• _YOUR TASK_
Only the lines from the one with "Sedie da Giardino" through the end of the data below belong in the answer, restated word for word, pictures excluded.

• _Captioned web image data_

------------

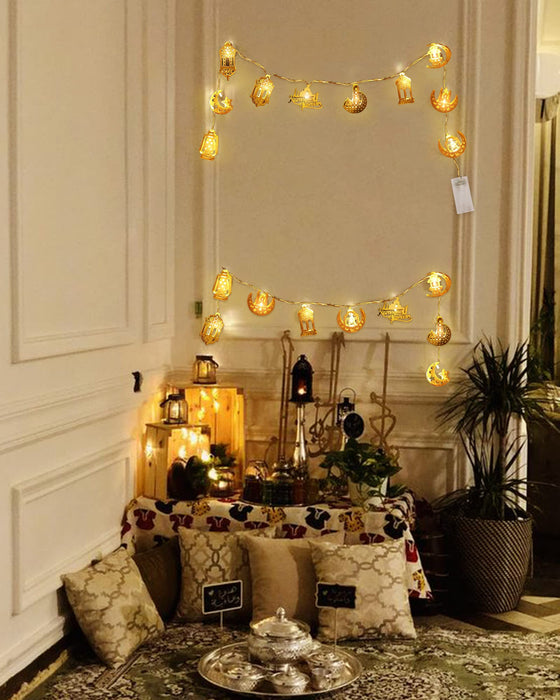  KISPATTI Ramadan Lights, Ramadan Decorations for Home, Eid Al  Adha String Lights, 5.41 Ft 10 LEDs Moon Star Lantern Lamp, Mubarak String  Light Ramadan Decor, for Room Outdoor Decor Party Supplies 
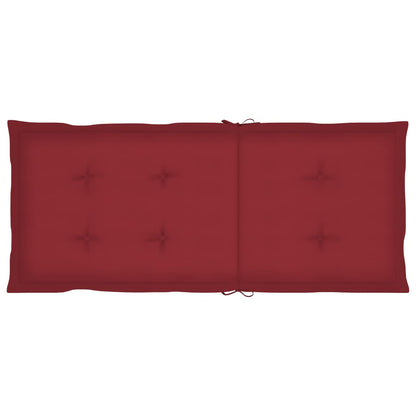 Sedie da Giardino 2 pz con Cuscini Rosso Vino Massello di Teak - homemem39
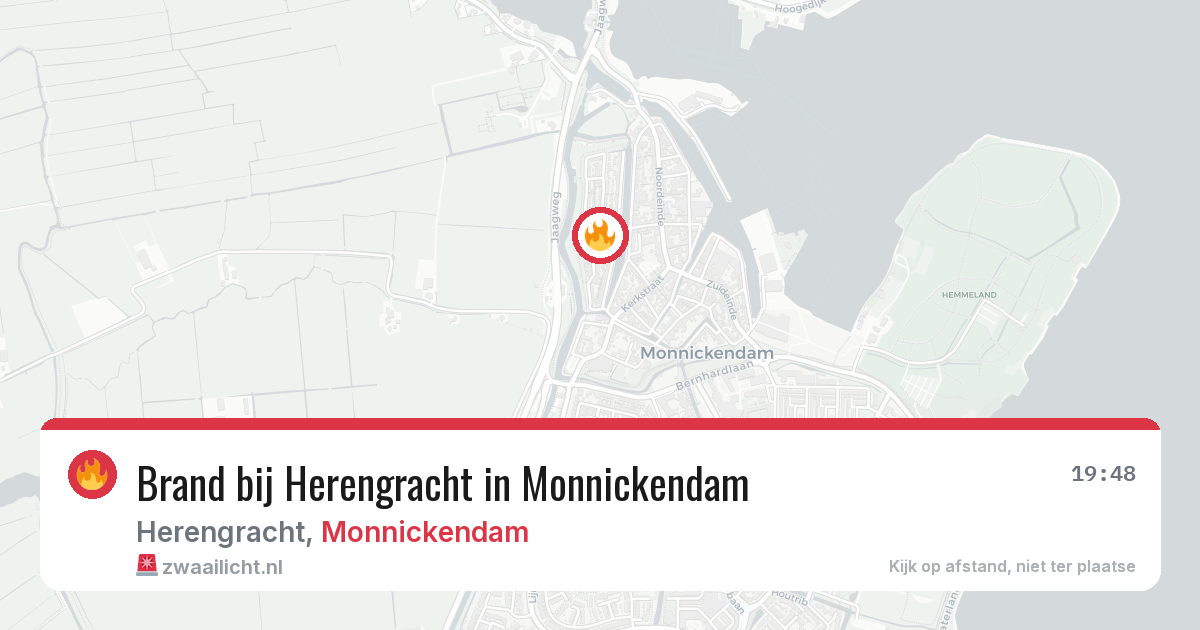 Brand bij Herengracht in Monnickendam — 4 aug 2026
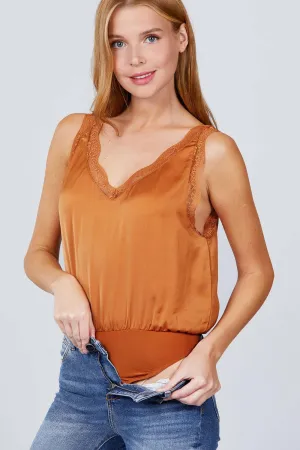 Lace Detail V-neck Woven Bodysuit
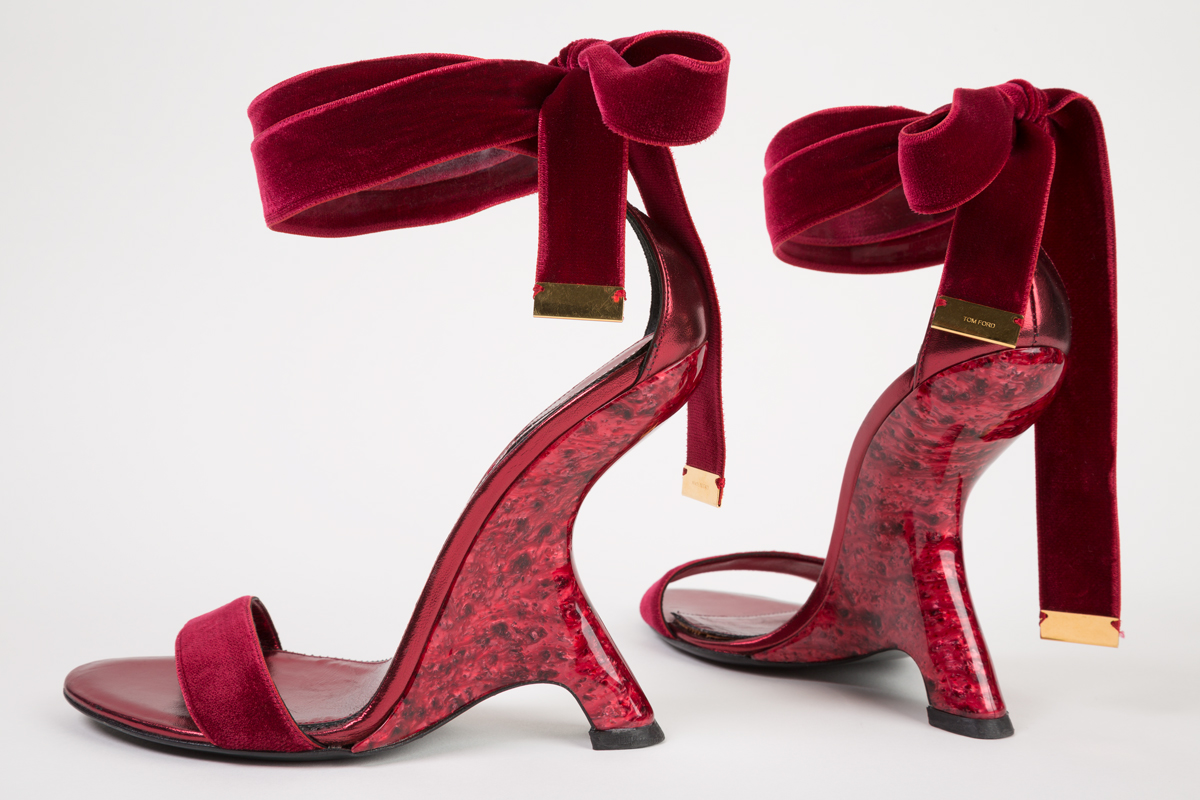 artistic red high heals with velvet straps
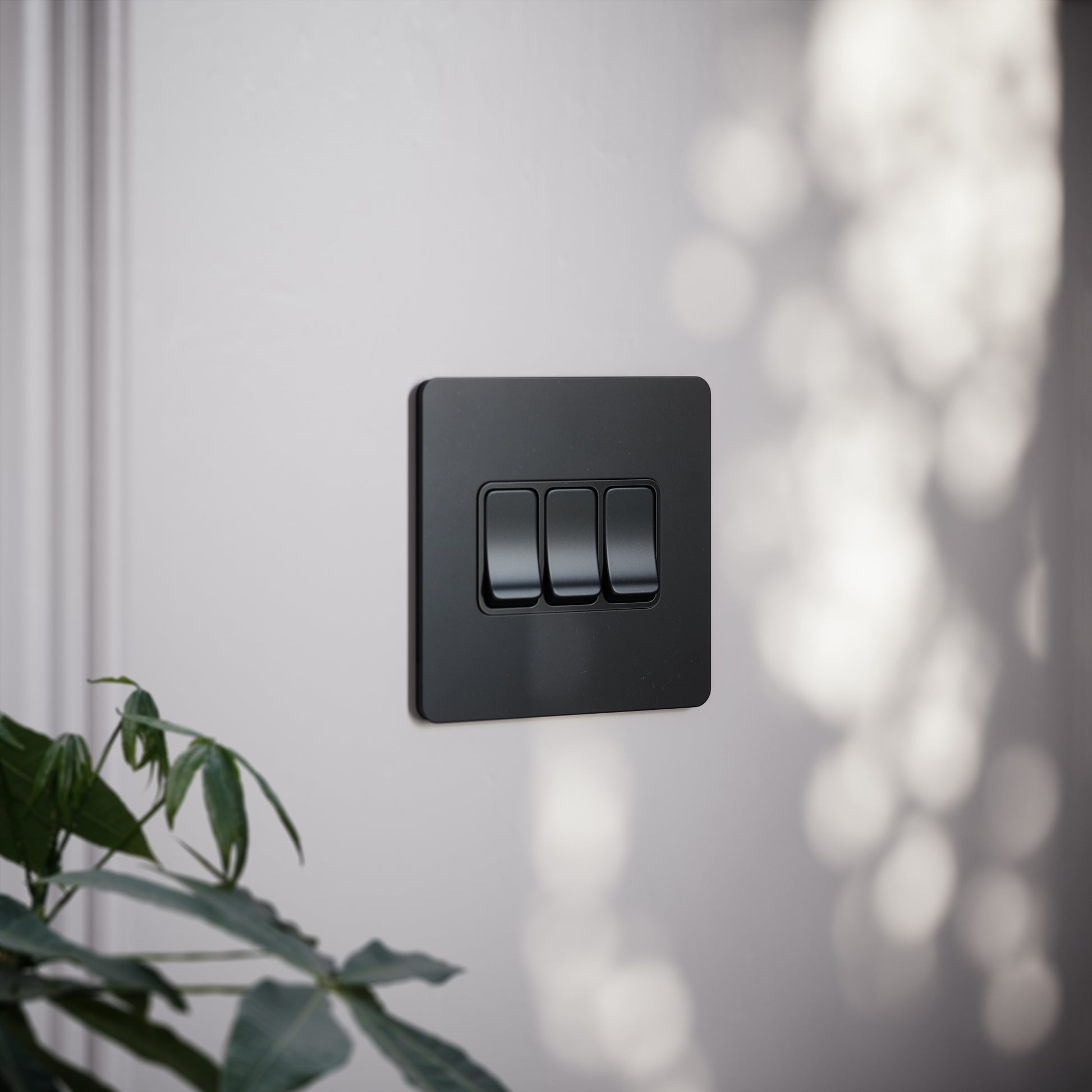 SlimTech Collection Matte Black 3 Gang 2 Way Switch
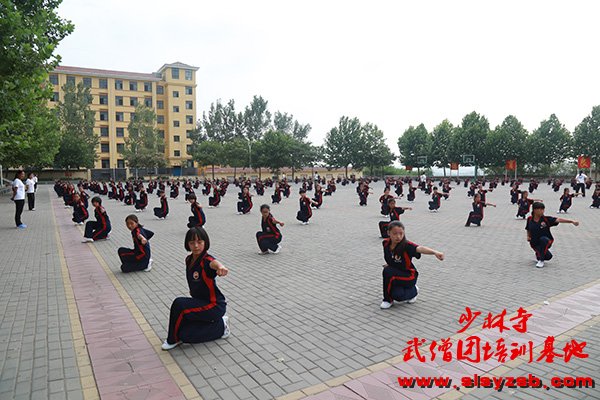 少林武校女学员在练武场练武 少林武校女学员在练武场练武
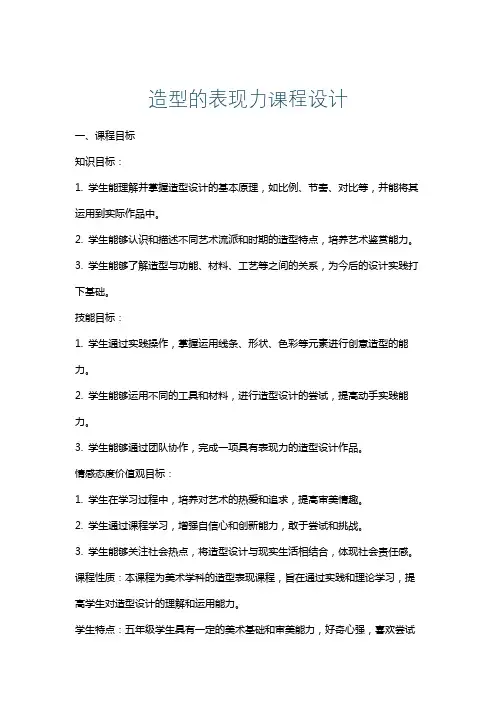 造型的表现力课程设计
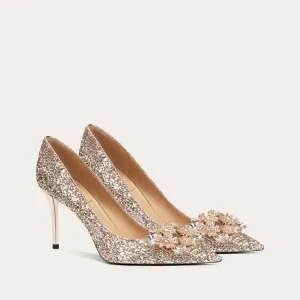 High Heels with Diamonds Evening Party Shoes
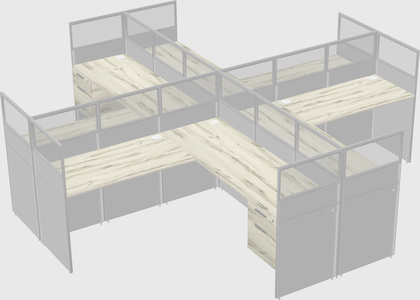 Shared l-shaped cubicles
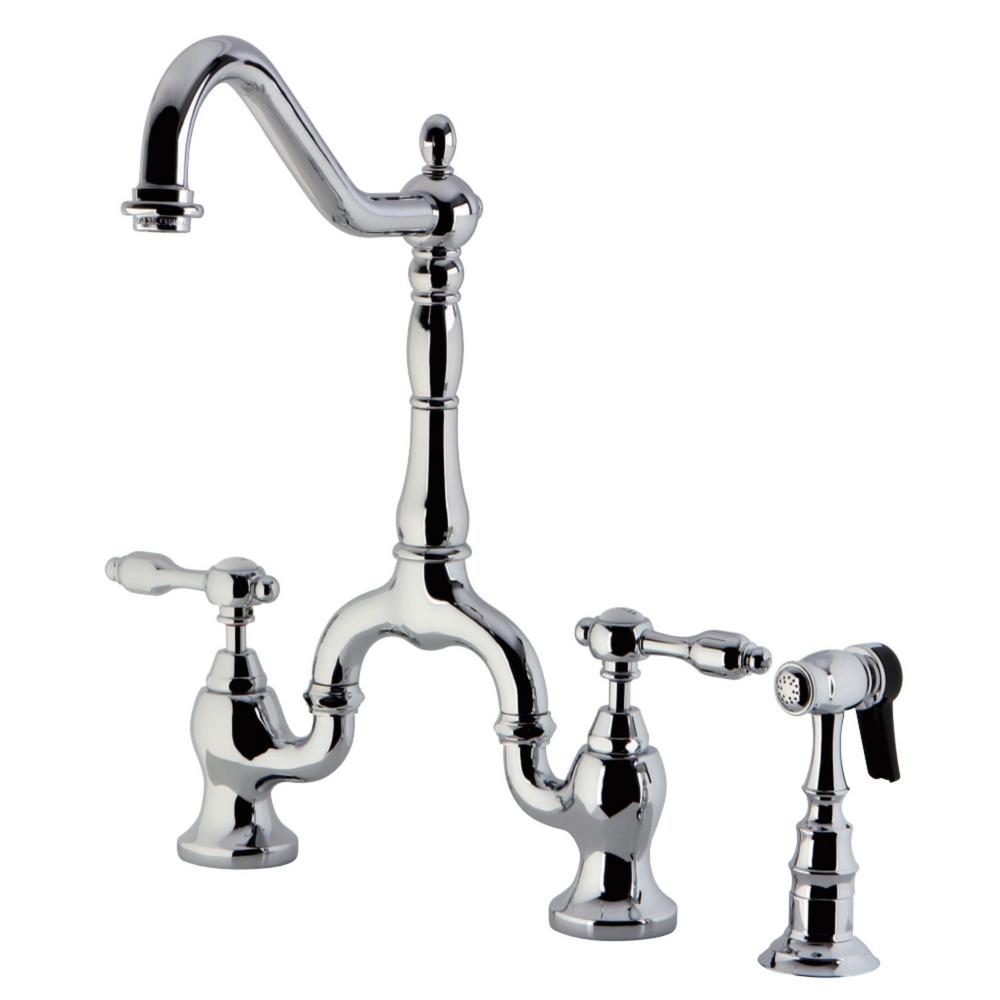 Chrome Kingston Brass Bridge Faucets Kitchen Faucets The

------------

• _ANSWER FOR THE TASK_
 Sedie da Giardino 2 pz con Cuscini Rosso Vino Massello di Teak - homemem39
 Brand bij Herengracht in Monnickendam — 4 aug 2026
 Lace Detail V-neck Woven Bodysuit
 artistic red high heals with velvet straps
 SlimTech Collection Matte Black 3 Gang 2 Way Switch
 少林武校女学员在练武场练武 少林武校女学员在练武场练武
 造型的表现力课程设计
 High Heels with Diamonds Evening Party Shoes
 Shared l-shaped cubicles
 Chrome Kingston Brass Bridge Faucets Kitchen Faucets The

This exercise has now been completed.